## [Exercise]
Begin at the line that holds "this 700×392 image." and copy each line exactly until the data below ends, including that last line but no pictures.

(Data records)
--- START ---

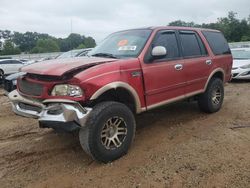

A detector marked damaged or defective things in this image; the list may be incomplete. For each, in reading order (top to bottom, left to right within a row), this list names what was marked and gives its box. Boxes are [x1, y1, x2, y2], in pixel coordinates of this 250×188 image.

damaged front end [7, 90, 92, 132]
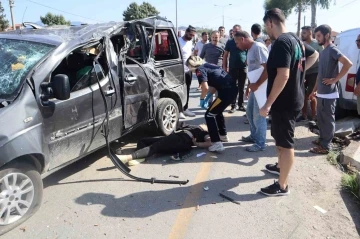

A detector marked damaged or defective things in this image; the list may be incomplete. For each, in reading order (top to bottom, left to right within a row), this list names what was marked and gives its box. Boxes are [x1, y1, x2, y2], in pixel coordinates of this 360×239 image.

shattered windshield [0, 38, 54, 98]
broken side window [0, 38, 54, 98]
broken side window [153, 28, 179, 61]
wrecked dark minivan [0, 17, 187, 235]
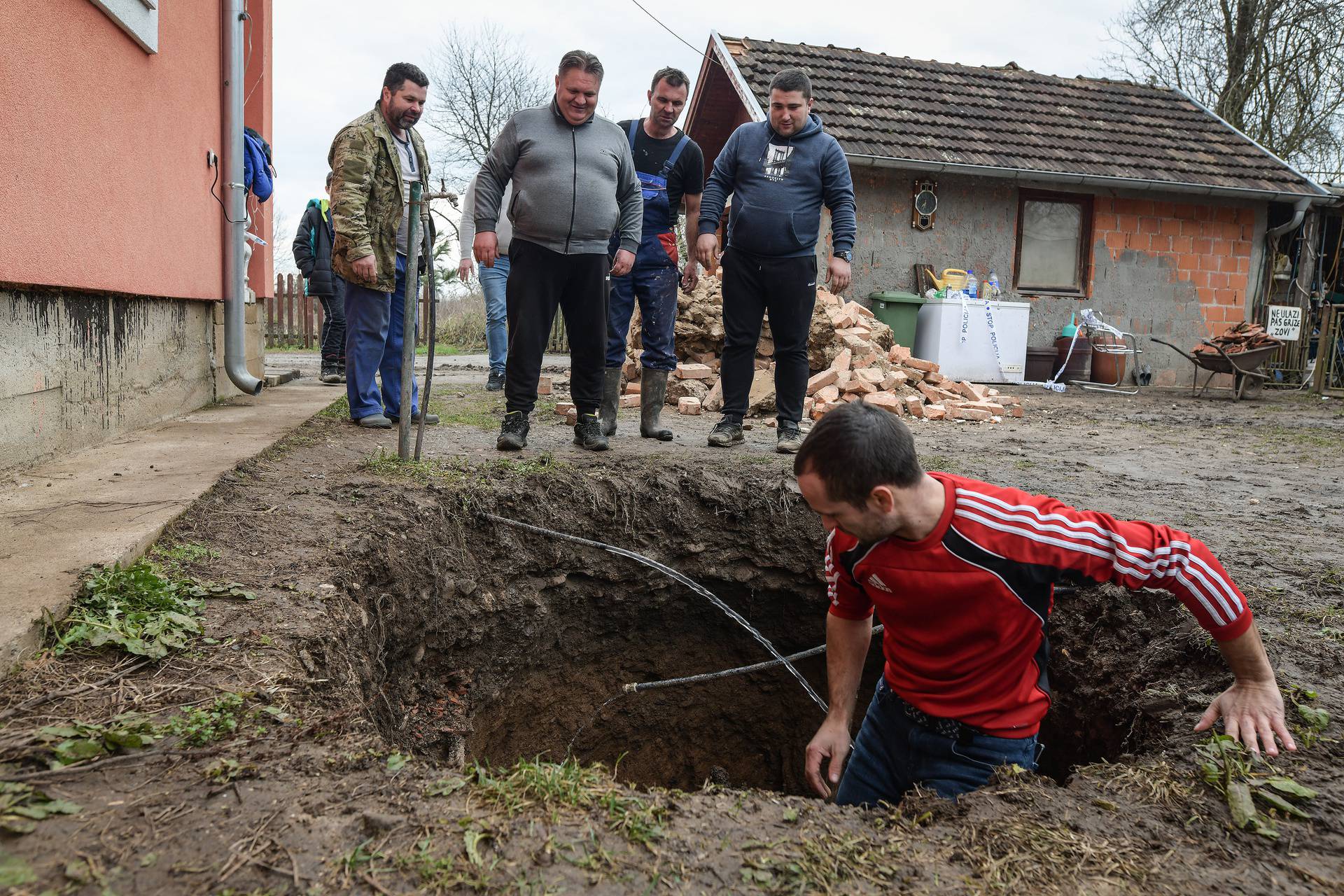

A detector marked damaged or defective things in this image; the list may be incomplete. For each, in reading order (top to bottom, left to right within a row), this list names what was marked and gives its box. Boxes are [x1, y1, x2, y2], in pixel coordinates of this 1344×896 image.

pile of broken brick [612, 274, 1026, 424]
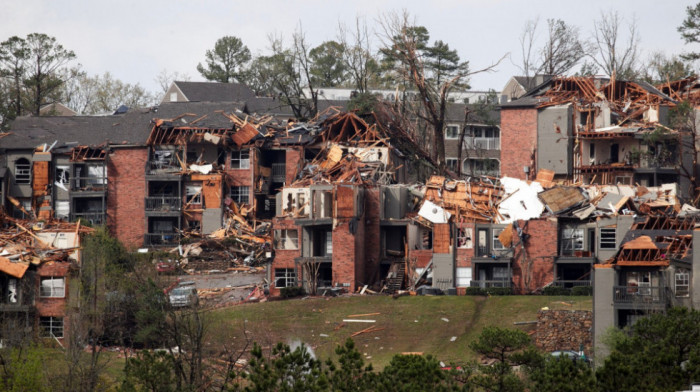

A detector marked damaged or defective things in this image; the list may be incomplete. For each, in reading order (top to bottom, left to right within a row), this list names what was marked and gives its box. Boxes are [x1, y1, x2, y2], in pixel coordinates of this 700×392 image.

broken window [231, 150, 250, 168]
broken window [14, 158, 30, 185]
broken window [185, 185, 201, 205]
broken window [230, 187, 249, 205]
broken window [276, 228, 298, 250]
broken window [456, 227, 474, 248]
broken window [560, 228, 584, 256]
broken window [600, 228, 616, 250]
broken window [40, 278, 65, 298]
broken window [274, 270, 296, 288]
broken window [672, 270, 688, 298]
broken window [39, 316, 63, 338]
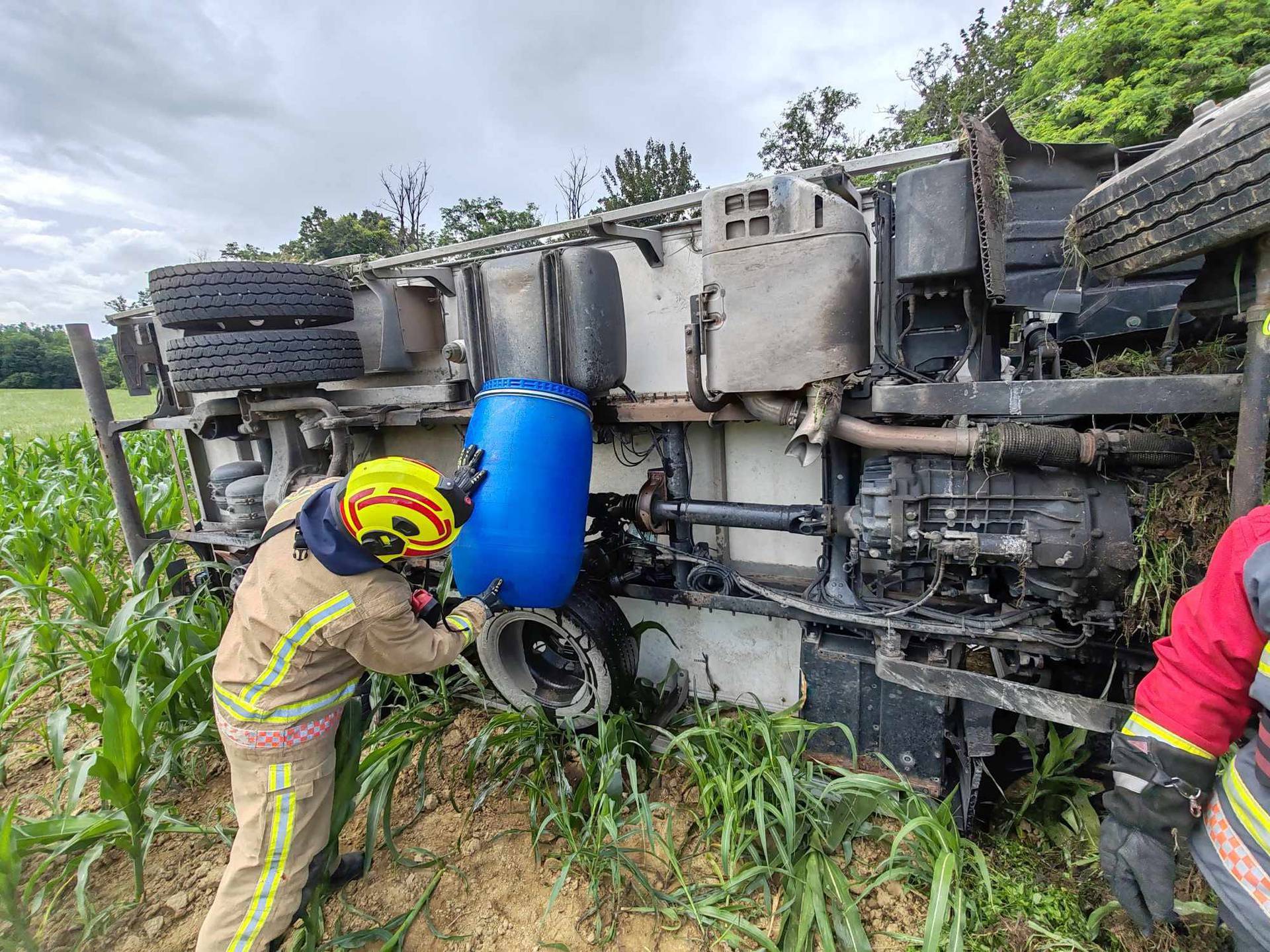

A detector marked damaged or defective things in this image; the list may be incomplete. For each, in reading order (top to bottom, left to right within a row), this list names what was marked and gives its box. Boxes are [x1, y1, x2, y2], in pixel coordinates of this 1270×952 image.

overturned truck [77, 67, 1270, 817]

--- END ---

## [Exercise response]
A detector marked damaged or defective things in this image; the list may be incomplete. For each, in reading order (top to bottom, left to right within a row), this list names what was marked and gives its box. Boxes are [x1, y1, x2, y2], in pixel coordinates of this 700×392 image.

broken window [231, 150, 250, 168]
broken window [14, 158, 30, 185]
broken window [185, 185, 201, 205]
broken window [230, 187, 249, 205]
broken window [276, 228, 298, 250]
broken window [456, 227, 474, 248]
broken window [560, 228, 584, 256]
broken window [600, 228, 616, 250]
broken window [40, 278, 65, 298]
broken window [274, 270, 296, 288]
broken window [672, 270, 688, 298]
broken window [39, 316, 63, 338]

A detector marked damaged or defective things in this image; the list may be incomplete. For each, in reading order (top to bottom, left to right within a row), this list names what was marked and gives its box. Boxes are [x1, y1, x2, y2], in pixel coordinates of this 1270×952 image.

overturned truck [77, 67, 1270, 817]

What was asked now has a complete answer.